Si può leggere così la sua critica alla sospensione dell’Imu sulla prima casa decisa dal governo su input del PdL e sempre al registro dell’antiberlusconismo di maniera va iscritta la piccata risposta a chi lo ha stupidamente accusato di aver scelto la Mondadori di Marina Berlusconi come editore di un suo volume (“Io ci ho fatto un libro, voi un governo”).

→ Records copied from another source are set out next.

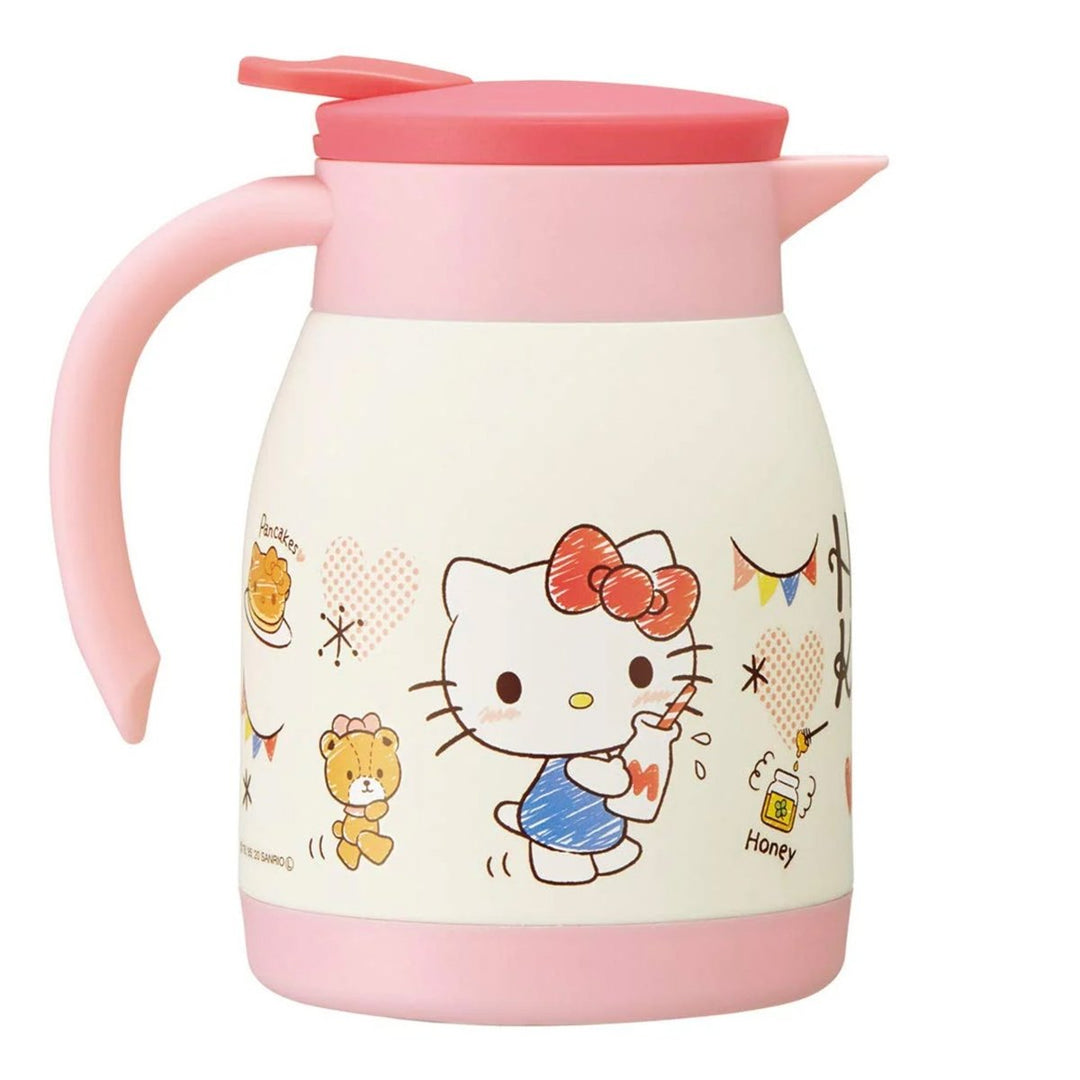 SKATER Stainless Steel Double Vacuum Tabletop Pot 600ml - Hello Kitty Home & Garden oceanbuy beauty markham toronto free ship USA asian korean skincare
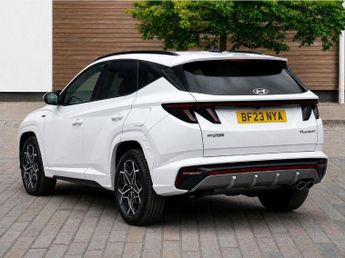 Hyundai TUCSON 1.6 h T-GDi N Line SUV 5dr Petrol Hybrid Auto Euro 6 (s/s) (230 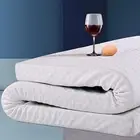 3 Inch Cooling Gel Memory Foam Mattress Topper Queen Size, with Removable Soft C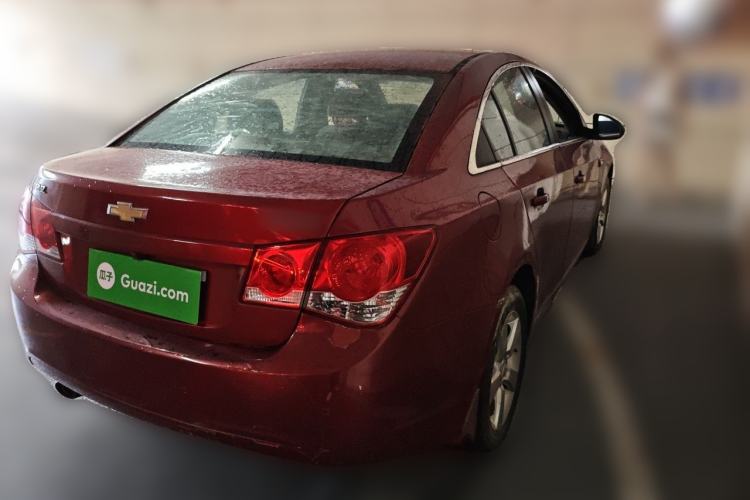 Used Chevrolet Cruze 2009 1.6L SE MT Rear Right 45 Deg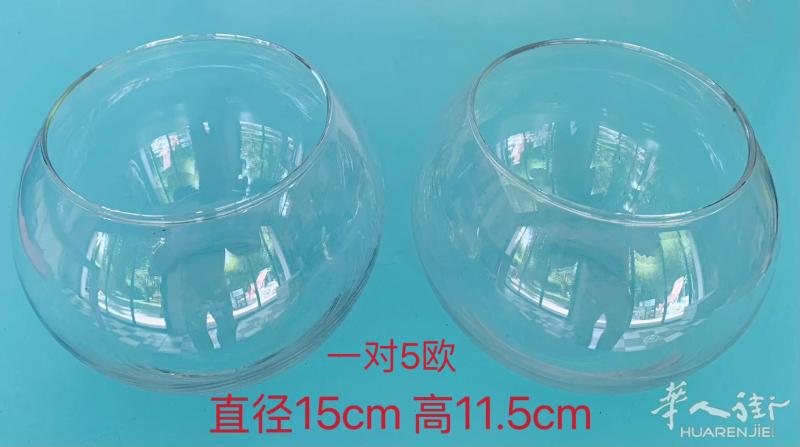 干净通透鱼缸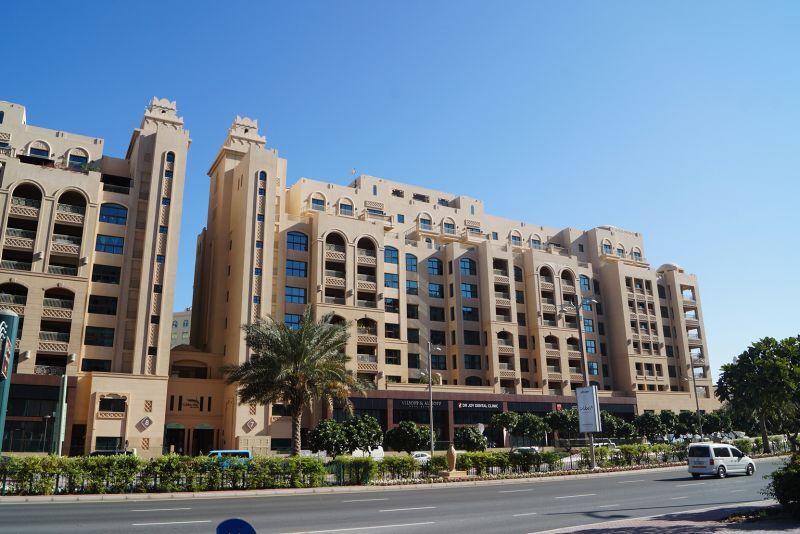 The Golden Mile Residences in Dubai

Che Renzi dovesse recuperare simpatie interne era intuibile, che dovesse farlo a colpi di battute e di sortite antiCavaliere è comprensibile. Che però lo facesse anche a costo di alienare quel tesoretto di consensi e di simpatie annidate in partibus infidelium, appare francamente una forma di penitenza politica eccessiva. Renzi deve il suo smalto ed in definitiva la originale rappresentazione del suo stesso personaggio alla goliardica scioltezza con cui ha saputo rompere vecchi tabù a sinistra, primo fra tutti la coazione all’odio verso il Grande Nemico. Che egli ora, seppur in nome di confessabili convenienze, abbia scelto di acconciarsi a fare la propria parte in tal senso, ci sta pure. Ma è anche spia di una fragilità progettuale e, forse, di una sottovalutata condizione di persistente inagibilità politica interna. Lo testimoniano indirettamente i ripetuti “vedremo” opposti ai pressanti inviti ad assumere ruoli ed atteggiamenti più incisivi nella travagliata vicenda del Pd e rispetto all’esecutivo guidato dal giovane Letta. E per uno che aveva scelto l’imperativo “Adesso!” come slogan della madre di tutte le battaglie contro i vecchi fusti del Pd, rinviare a domani quel che si può fare oggi non è davvero il massimo della coerenza.